Dataset:
________________

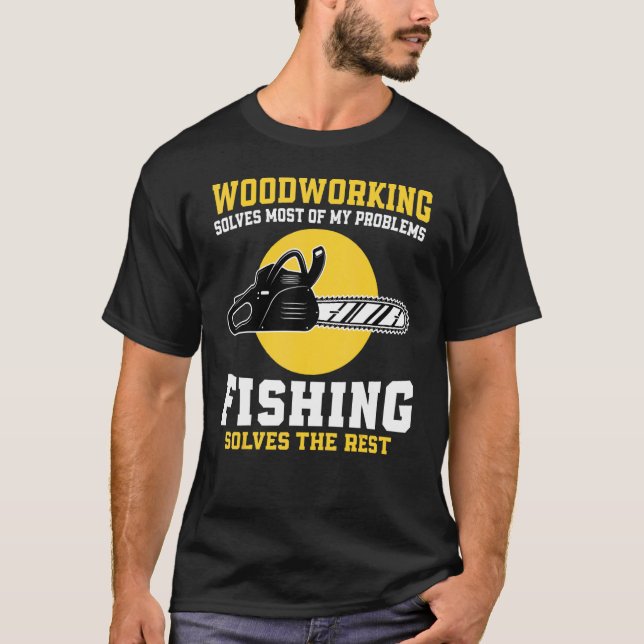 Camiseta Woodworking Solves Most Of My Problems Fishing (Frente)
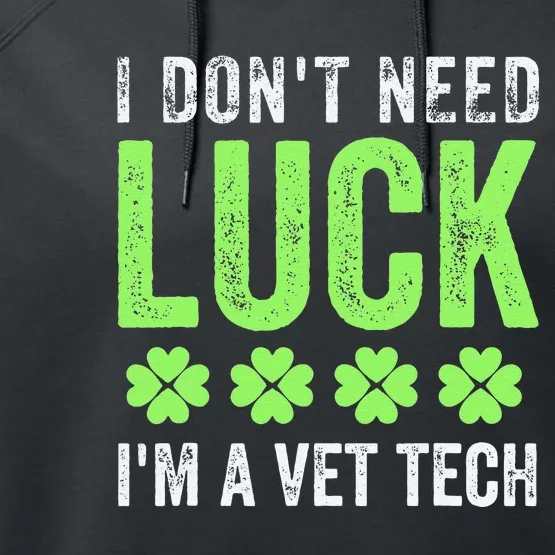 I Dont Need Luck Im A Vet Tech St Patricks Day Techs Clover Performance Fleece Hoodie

________________

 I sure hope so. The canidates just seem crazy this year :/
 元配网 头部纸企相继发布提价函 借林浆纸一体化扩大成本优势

________________

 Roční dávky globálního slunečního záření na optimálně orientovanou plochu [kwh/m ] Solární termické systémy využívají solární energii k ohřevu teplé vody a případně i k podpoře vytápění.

________________

Using the records above, return verbatim only the part that opens with the line containing "Camiseta Woodworking Solves" and closes with the line containing "I Dont Need"; pictures stay out.

Result for this exercise:
 Camiseta Woodworking Solves Most Of My Problems Fishing (Frente)
 I Dont Need Luck Im A Vet Tech St Patricks Day Techs Clover Performance Fleece Hoodie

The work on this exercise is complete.